An aortic aneurysm involves dilation or an enlargement of the human aorta to more than 1.5 times of its normal size. These do not cause any symptom except when they rupture. Occasionally, individuals may experience pain in the abdominal area or in leg or back area.
Aortic aneurysm usually remains present in the abdominal aorta and hence, called as abdominal aortic aneurysm. However, in some of the cases, they even remain present in the thoracic aorta. Aortic aneurysms make aorta walls weak and boost the risk related to an aortic rupture. Whenever rupture takes place, patients experience internal bleeding excessively and until they undergo with immediate treatment, they suffer death.
Aortic aneurysm creates many other problems in individuals. Particularly, it causes slow in the blood flow in the respective bulging section of any aortic aneurysm resulting in the formation of blood clots.
In case of blood clot breakage from any aortic aneurysm within the area of chest, it may travel towards the brain and results in stroke or cardiac problems. Blood clots, which break off from any aortic aneurysm in the person’s belly area may block the flow of blood to the legs or belly/stomach.
Classification of Aortic Aneurysm
Doctors have until now classified the problem of aortic aneurysm based on the specific location of aorta in humans. These are
- Aortic root based aneurysm or Valsalva sinus aneurysm
- Thoracic aortic aneurysm in the chest, which further may be of aortic arch, descending and ascending aneurysm
- The most common form i.e. abdominal aortic aneurysms, abbreviated as Triple A or AAA. This involves the aorta’s segment that remains present inside the cavity of abdominal area in humans.
Why Abdominal Aortic Aneurysm is Most Common?

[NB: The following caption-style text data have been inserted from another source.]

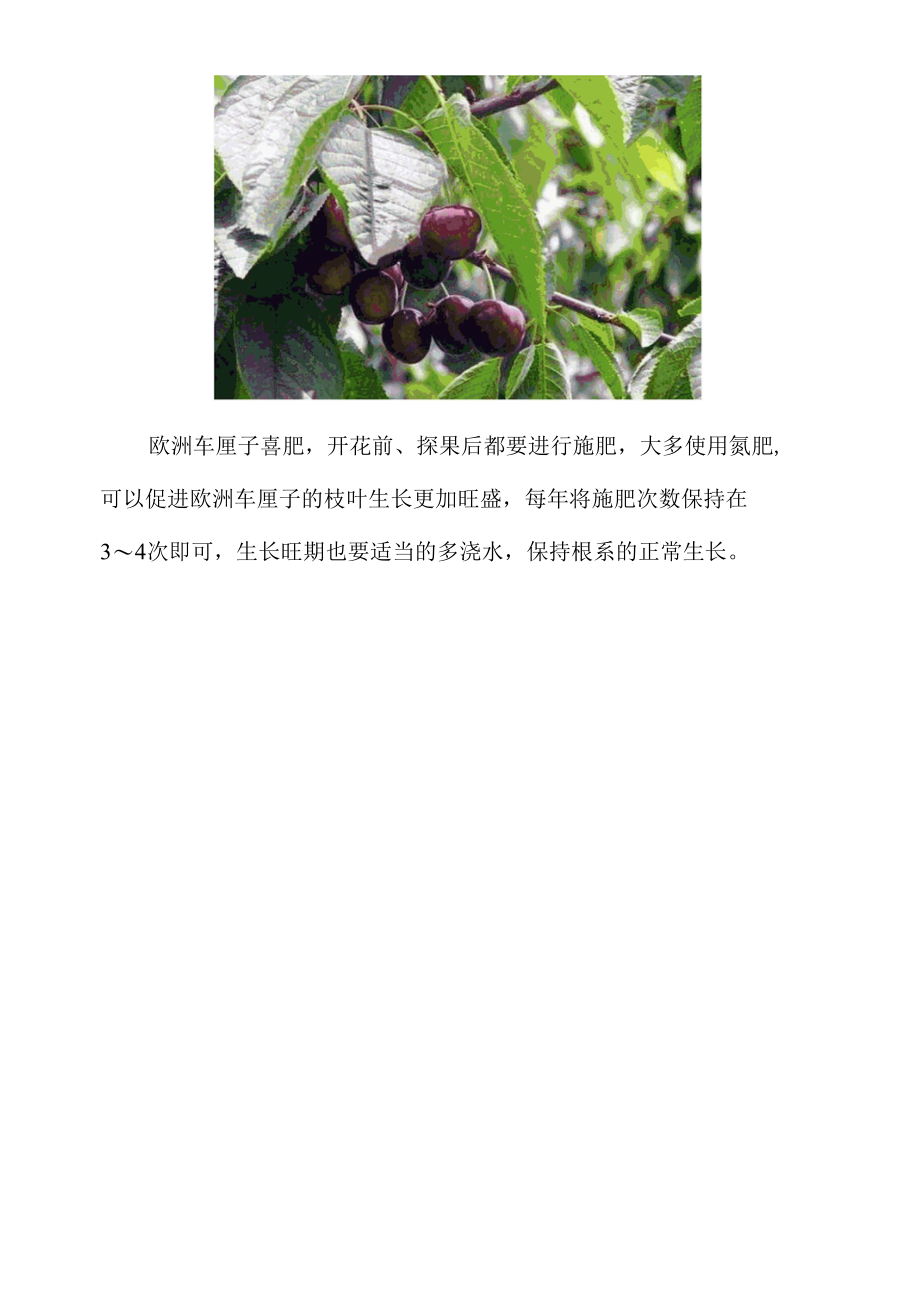 欧洲车厘子种植技术.docx_第3页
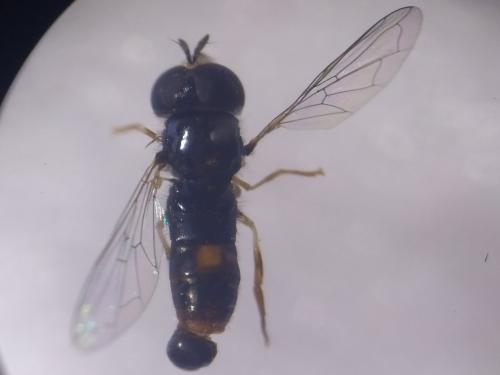 Paragus tibialis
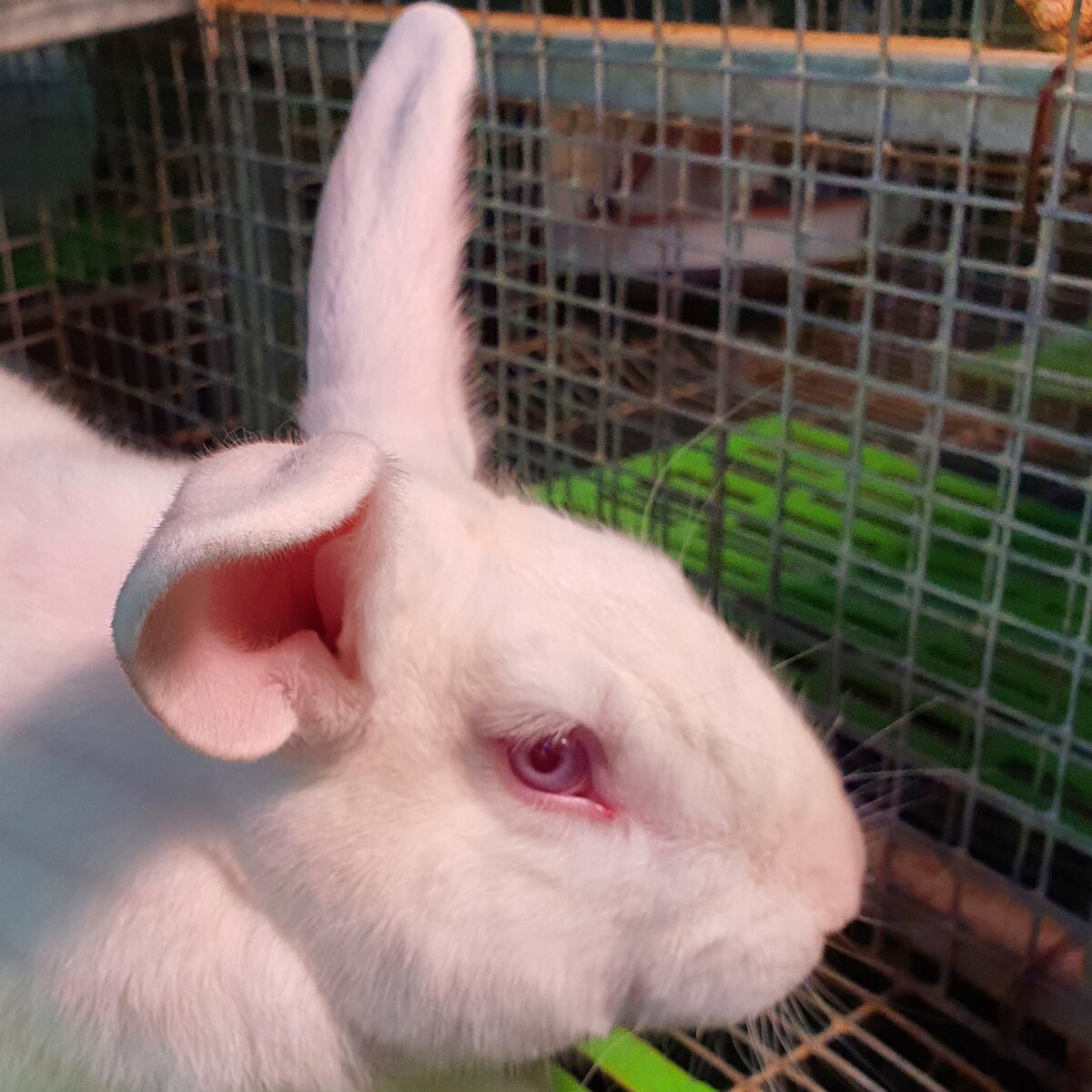 Фото Fermer.ru ©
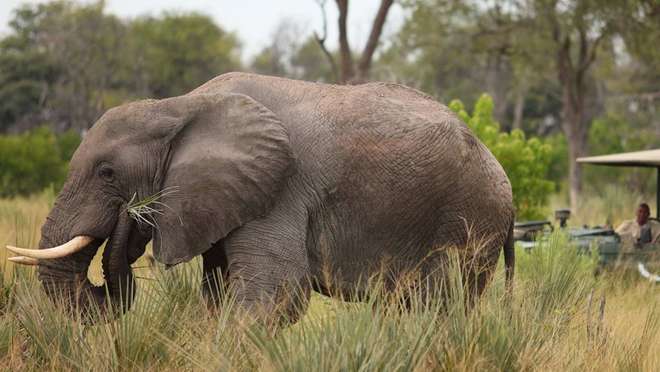 Okavango Delta, Botswana- Game Drives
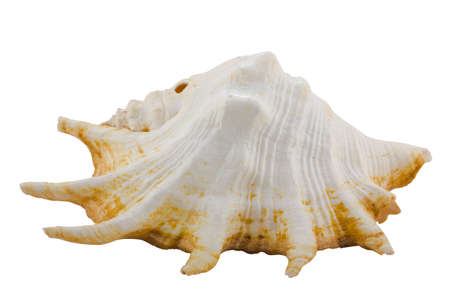 Big sea shell isolated on white backgroundの写真素材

Abdominal aortic aneurysm or AAA is common as compared to its thoracic counterpart because of many reasons, which are-
Higher Reduction of Elastin in the Abdominal Aorta: Elastin is a principal and a load bearing type of protein remains present in the aorta’s walls. This protein reduces at a relatively higher rate in abdominal aorta than in the thoracic aorta. Reduction of protein thus results in bulge or enlarged form of aorta.
Vasa Vasorum Remains Absent in Abdominal Aorta: Another strong reason that justifies abdominal aortic aneurysm is common among individuals is that abdominal aorta does not contain an essential nutrient supplying blood vessels i.e. vasa vasorum within the aorta walls. Instead, most of the abdominal aortic aneurysm are of true aneurysms involving each of the three different layers named tunica media, tunica intima and tunica adventitia. Moreover, aortic aneurysm prevalence increases with age of a person at the time of performing diagnosis, while it attributes highly to atherosclerosis for the formation.
Why Abdominal Aortic Aneurysms Come with Higher Rupture Risk?
Rupture risk in abdominal aortic aneurysm has a close relationship with its diameter. This means, whenever the aneurysm crosses 5cm diameter, its yearly rupture risk increases the risks associated with surgical repair for any average risky patient.
Rupture risk also has a close relationship with the shape. This means, long or fusiform of abdominal aneurysm causes relatively less rupture prone as compared to bulbous, shorter or saccular aneurysm. This is because; saccular ones possess relatively higher wall tension in a specific location of the aneurysm wall.
Before any rupture takes place, abdominal aortic aneurysm represents itself a pulsatile and large mass above the patient’s umbilicus. However, rupture constitutes the first hint associated with aortic aneurysm and once rupture takes place, it highlights various classic symptoms related to severe, radiating and constant abdominal or back pain.